Lastly, fears that the US will extend sanctions to China if Beijing provides material support to Moscow for Russia’s invasion of Ukraine have also increased concerns about China’s growth this year.
With these top-of-mind worries, it is not surprising to see extreme market volatility. However, in a rare intervention on March 16, China’s vice-premier Liu He addressed these investor concerns directly. These included the government’s macro policy stance, Chinese property sector risks, Chinese companies’ ADRs (securities that represent shares of non-US companies and traded on US exchanges) and the regulation of China’s internet giants and online platform companies. The vice-premier’s remarks fuelled a sharp rebound in Chinese and Hong Kong equities.
Four key messages emerged from the Financial Stability and Development Committee meeting chaired by Liu.
First, on macro policy, China will aim to revitalise the economy and to proactively respond with monetary policy changes and to “maintain appropriate growth of new loans”. The committee’s statement signalled that the policy easing is likely to happen sooner rather than later and policymakers would ensure economic growth stays within a reasonable range.
Second, on the Chinese real estate sector, the authorities will propose effective plans to efficiently deal with risks and “explore and roll out plans that facilitate a new development model for the real estate sector”.
Third, on the Chinese ADRs, the US and China “have maintained communications and have made positive progress and are working on forming concrete cooperation plans”. Policymakers will continue to support all types of corporates for overseas listing.
Lastly, on the online platform companies and regulation, the relevant government departments should improve the established plans in accordance with the principles of marketisation, legalisation and internationalisation, that is, a more transparent and predictable way for regulatory reform. At the same time, policymakers emphasised the importance of maintaining stability and improving the global competitiveness of China’s large platform companies.
Still, while the narrative has turned decidedly more positive from the Chinese authorities, investors will need to see more concrete follow-up actions as evidence of policymakers’ support. This would serve as a catalyst for the stock market to price in the positive changes in 2022.
As a result of the clear policy directions, several other ministries have already followed up with their own statements. For example, the finance ministry announced shortly after that the property tax trial would not expand this year, signalling that the policy direction is clear and will be followed by the respective policies from the ministry.
While concerns such as geopolitical tensions, downward earnings revision pressure, Omicron outbreak and real estate risks may persist in the near term, Chinese equities appear to have corrected and stock prices already reflect some of these risks.
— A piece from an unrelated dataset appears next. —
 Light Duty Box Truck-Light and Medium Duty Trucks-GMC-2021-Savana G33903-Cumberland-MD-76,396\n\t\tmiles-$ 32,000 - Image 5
Surveys of economists suggest that fiscal support from various government agencies and monetary support from the People’s Bank of China is expected sooner rather than later. The urgency is likely prompted by the uncertainties caused by the Omicron lockdowns that are happening in Shanghai and Shenzhen.
China has become the largest trading partner for many nations in Asia, in line with its growth over the last few decades. The clearer policy direction and messaging from Vice-Premier Liu, if put into action, will directly benefit Asia. This would be especially helpful as many countries, such as Malaysia, are just recovering from the 2021 lockdowns and these economies would appreciate the positive spillover effect from a growing and stable China.
Investors would be tempted to throw in the towel given the extreme volatility seen in the past month. However, having injected their investment portfolio with resilience by diversifying across asset classes and regions, it is advisable to stay the course and stay invested. It is also worth mentioning that my previous analysis on geopolitics not making a lasting impact still stands. So, having a long-term horizon has never been more important.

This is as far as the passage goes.